835 S. Wolcott Ave., (M/C 901)
Chicago, IL 60612-7342
312-996-7620 phone
312-996-1414 fax

Primal de Lanerolle, PhD
Professor

Myosin I and II are members of a superfamily of actin-activated molecular motors that convert chemical energy into mechanical work. Most members of this superfamily do not form filaments.  Myosin I is the best studied of these "unconventional" myosins.  We discovered a nuclear isoform of myosin I that contains an unique 16 amino acid NH2-terminal extension.  Light and electron microscopy revealed that nuclear myosin I co-localizes with RNA polymerase I and II and biochemical and cell biology studies established that nuclear myosin I is essential for transcription by both polymerases.

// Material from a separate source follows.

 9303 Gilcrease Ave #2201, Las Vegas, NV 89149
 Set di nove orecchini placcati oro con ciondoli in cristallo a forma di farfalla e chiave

Myosin molecules work in concert with actin and actin is also abundant in the nucleus. We have shown that actin is necessary for pre-initiation complex (PIC) formation, apparently because it facilitates the integration of the RNA polymerase II complex into the developing PIC. Interestingly, NMI is not needed for forming PICs, but it does appear to be necessary for forming the first few bonds during mRNA synthesis. Other experiments have shown that both actin and NMI stimulate transcription by RNA polymerase I and II.

We have also recently demonstrated that actin and nuclear myosin I are involved in chromosome movements in mammalian nuclei. The nucleus is organized into compartments and inactive or late replicating chromosomes are found near the nuclear envelope (heterochromatin in Fig. 1) while “active” chromosomes are found near the center of the nucleus. Previously, it was thought that the movement of chromosomes from one domain to the other occurred by a process called constrained diffusion. However, using wild type and mutant forms of actin and nuclear myosin I, we have shown that chromosome movement in an active process.

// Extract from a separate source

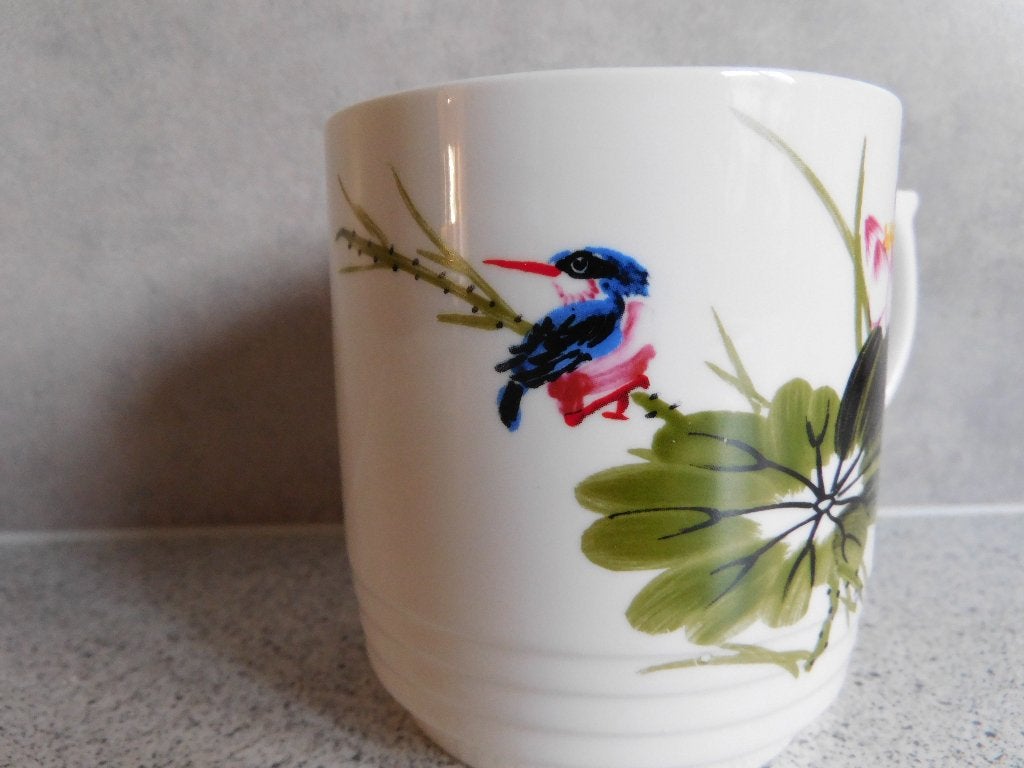 Mok 250 ml. IJsvogel Happy Garden, Huis en Inrichting, Keuken | Servies, Overige merken, Ophalen of Verzenden, Zo goed als nieuw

	Figure 1: Possible roles for actin and nuclear myosin I (NMI) in the nucleus. Actin binds tightly to RNA polymerase I and II while NMI binds to DNA. Thus, NMI heads sticking out from the DNA backbone could interact with actin bound to polymerases to function as a motor during transcription. NMI bound to DNA could also bind to short actin polymers to move active genes to the nuclear interior.

Our current research focuses on investigating the regulation of actin dynamics and analyzing the proteins that actin and nuclear myosin I bind to in the nucleus. Myosin V and myosin VI have also been discovered in the nucleus and we are studying how they, too, are involved in various nuclear functions. Myosin VI is especially intriguing because it moves in the opposite direction on actin filaments compared to all other myosins and it is likely to have unique functions in the nucleus.

Myosin II is also a major research focus in my lab. Actin and myosin II are major constituents of the cytoskeleton and, by generating force, they determine the physical characteristics of a cell.  The actin-myosin II interaction in smooth muscle and non-muscle cells is regulated by the phosphorylation of ser 19 of the 20 kDa light chain of myosin II by the enzyme myosin light chain kinase (MLCK). We, and others, have shown that myosin II phosphorylation is modulated by small G proteins (GTPases), such as Rho and Ras.  GTPases regulate a host of cellular responses and we have proposed that myosin II phosphorylation is an important part of the integrated cellular response to GTPase activation.

	Figure 2:  A high resolution analysis of the MLCK promoter using chloroacetaldehyde showed the formation of triplex H-DNA structures and that a mutation in SHR promoter forms a longer H-DNA structure than the promoter from normotensive rats.

We have used spontaneously hypertensive rats (SHR), a widely-used model of hypertension, to investigate this hypothesis. As with humans, blood pressure increases as SHR become older. In addition, hypertension in SHR is also highly dependent on the activation of the Ras signaling pathway by angiotensin II. We have shown that a mutation in the promoter increases MLCK expression and myosin light chain phosphorylation in SHR. We have also found that this mutation changes the structure of the MLCK promoter (Figure 2), making it more responsive to Ras signaling. Importantly, we have shown that inhibiting Ras signaling prevents the development of hypertension. We are now analyzing genomic DNA from hypertensive patients to determine if there are mutations that increase MLCK expression in human hypertension.